Une année record qui confirme le retour de la guerre
L’année 2025 restera comme l’une des plus sombres de l’histoire contemporaine en matière de sécurité internationale. Selon le rapport « Conflict Trends » publié par l’Institut de recherche sur la paix d’Oslo, la planète a enregistré 65 conflits impliquant au moins un État, un chiffre inédit depuis le début des relevés statistiques en 1946.
Cette progression spectaculaire traduit une dégradation continue de l’environnement géopolitique mondial. Alors que les espoirs d’un ordre international plus stable avaient émergé après la fin de la Guerre froide, les rivalités territoriales, les crises régionales et les affrontements entre puissances ont progressivement réinstallé la guerre au cœur des relations internationales.
L’Afrique demeure l’épicentre des violences
Avec 29 conflits recensés, l’Afrique reste la région la plus touchée par les affrontements armés. Des crises anciennes continuent d’y alimenter l’instabilité, tandis que de nouveaux foyers de tension émergent dans plusieurs zones stratégiques du continent.
La situation la plus dramatique demeure celle du Soudan, où la guerre a atteint un niveau de destruction particulièrement élevé. Dans la ville d’El-Fasher, au cœur du Darfour, les combats, les massacres et le siège prolongé auraient causé près de 60 000 morts, illustrant le coût humain colossal des conflits contemporains.

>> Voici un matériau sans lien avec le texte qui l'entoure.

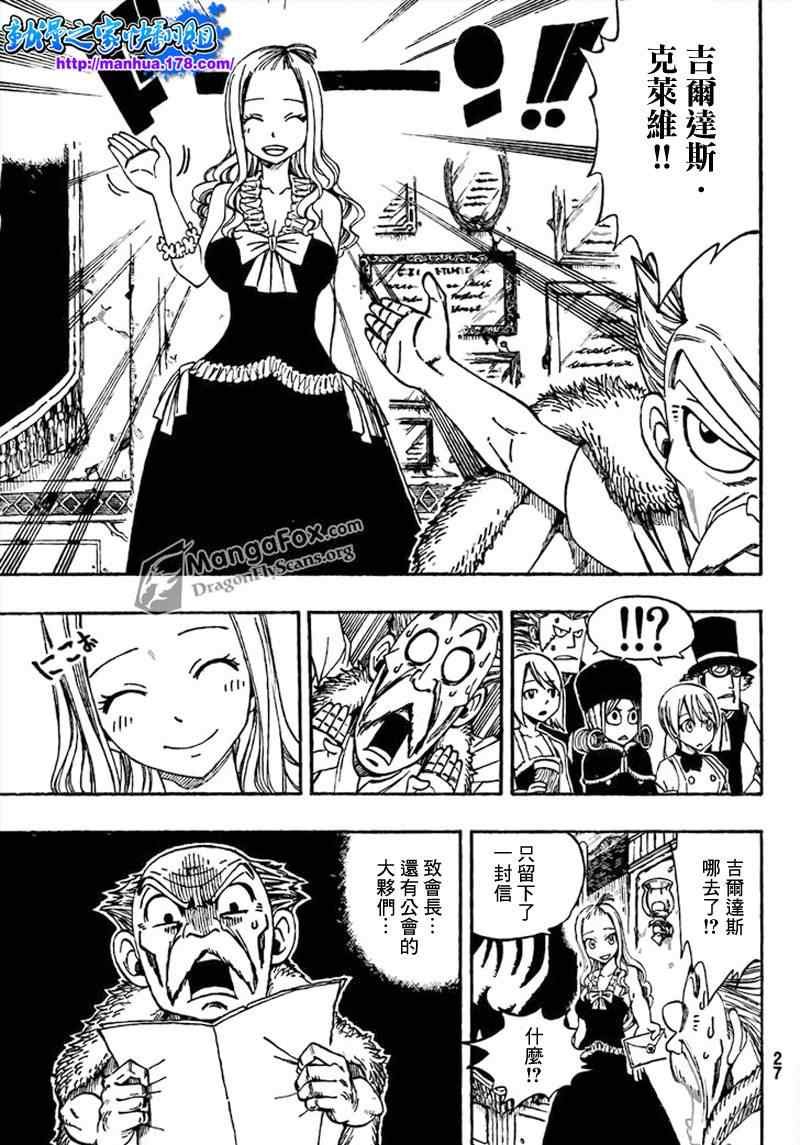 第259话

Cette réalité rappelle que les civils demeurent les premières victimes des guerres modernes, souvent pris au piège entre armées régulières, groupes armés et effondrement des structures étatiques.
Le retour inquiétant des affrontements entre États
L’un des principaux enseignements du rapport réside dans la multiplication des conflits interétatiques. Huit affrontements directs entre États ont été recensés en 2025, soit deux fois plus que l’année précédente.

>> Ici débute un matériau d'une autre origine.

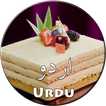 Cakes Recipes in Urdu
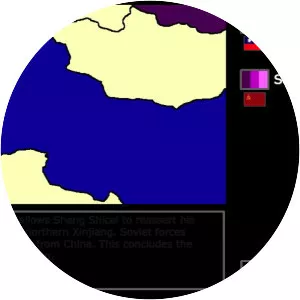 Soviet invasion of Xinjiang - Military conflict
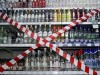 Вниманию руководителей предприятий торговли, реализующих алкогольную продукцию!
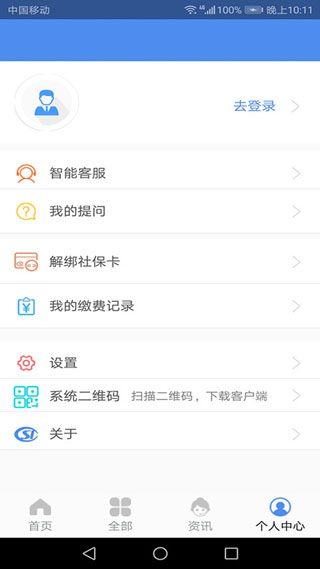 民生山西app最新版本 v2.2.2 安卓版 3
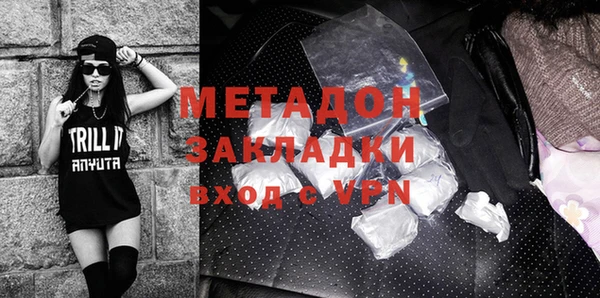 MDMA Premium VHQ Майский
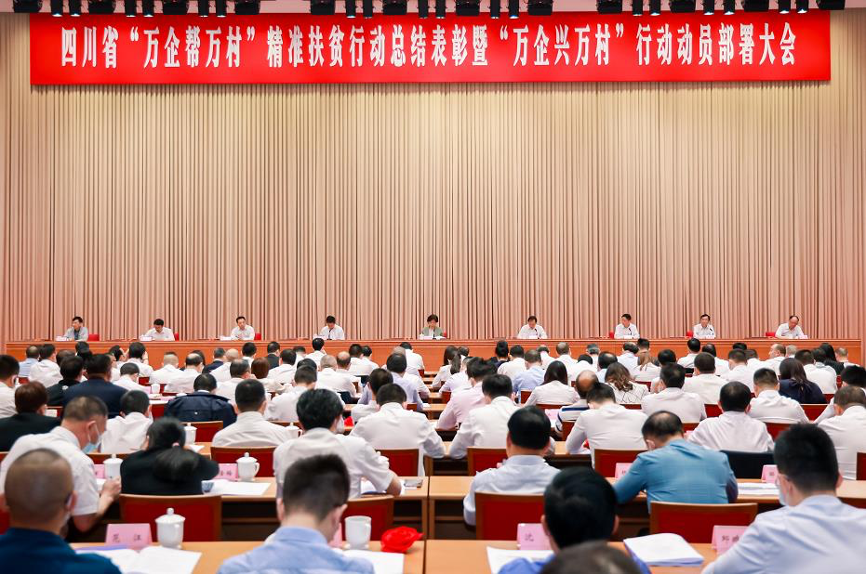 AG真人官方(中国)官方网站IOS/安卓通用版/手机app下载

Parmi les crises les plus significatives figurent les tensions entre l’Inde et le Pakistan, les affrontements entre l’Afghanistan et le Pakistan, ainsi que les différends frontaliers entre le Cambodge et la Thaïlande.
Dans le même temps, la guerre entre la Russie et l’Ukraine continue de remodeler l’équilibre sécuritaire européen, tandis que les opérations militaires menées par Israël dans son environnement régional alimentent une instabilité persistante au Moyen-Orient.

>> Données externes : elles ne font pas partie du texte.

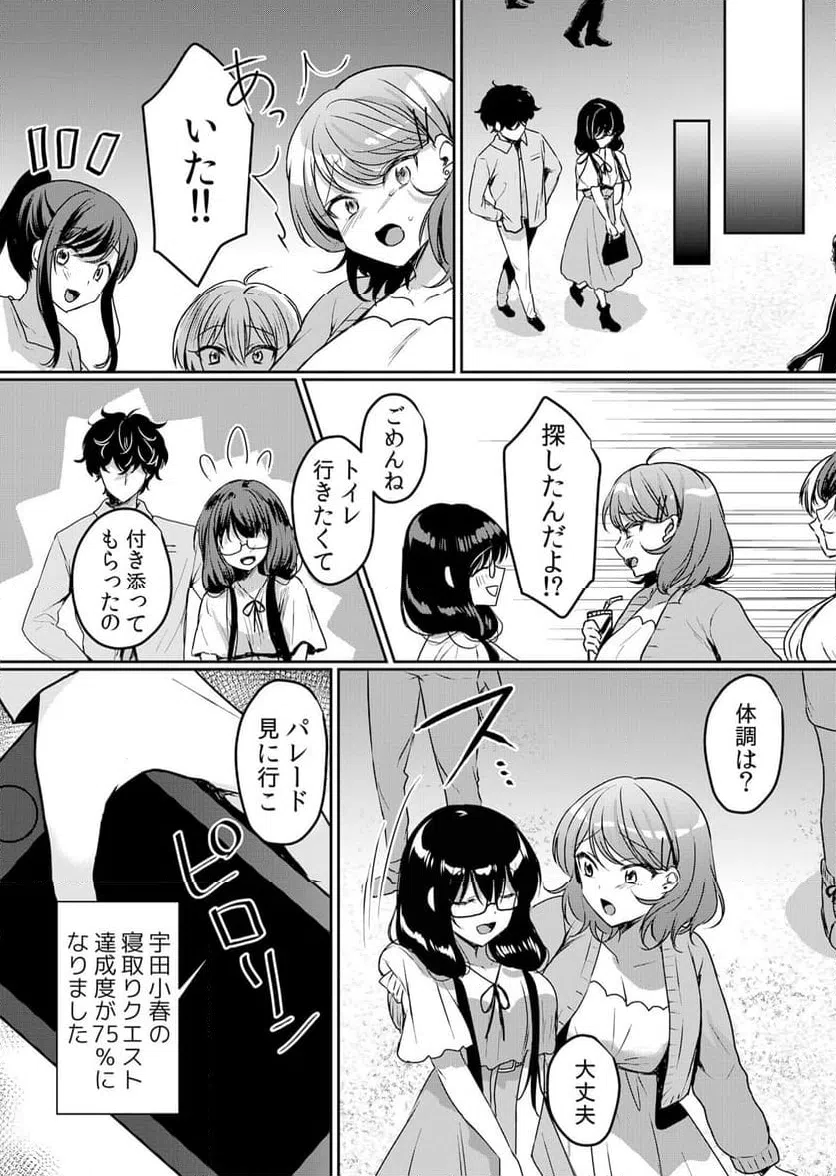 ページ 10 — 第42話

Une mortalité qui atteint des niveaux alarmants
Au-delà du nombre de conflits, le bilan humain demeure particulièrement lourd. Les chercheurs estiment qu’environ 245 000 personnes ont perdu la vie en 2025 dans des combats ou des violences directement liées à des conflits armés.
Cette année devient ainsi la troisième plus meurtrière depuis la fin de la Guerre froide. Ces chiffres témoignent non seulement de la multiplication des guerres, mais également de leur intensité croissante et de leur capacité à s’inscrire dans la durée.
Vers une nouvelle ère d’instabilité mondiale ?
L’accumulation simultanée de crises en Afrique, en Europe, au Moyen-Orient et en Asie interroge la capacité des institutions internationales à prévenir ou contenir les conflits. Les mécanismes diplomatiques traditionnels semblent de plus en plus fragilisés face à la montée des rivalités stratégiques et à la fragmentation de l’ordre mondial.
Le rapport de l’Institut de recherche sur la paix d’Oslo dessine ainsi le portrait d’une planète entrée dans une phase de turbulence durable. Plus qu’une simple hausse statistique, le record de 2025 révèle l’émergence d’un monde où les conflits tendent à devenir plus nombreux, plus complexes et plus difficiles à résoudre.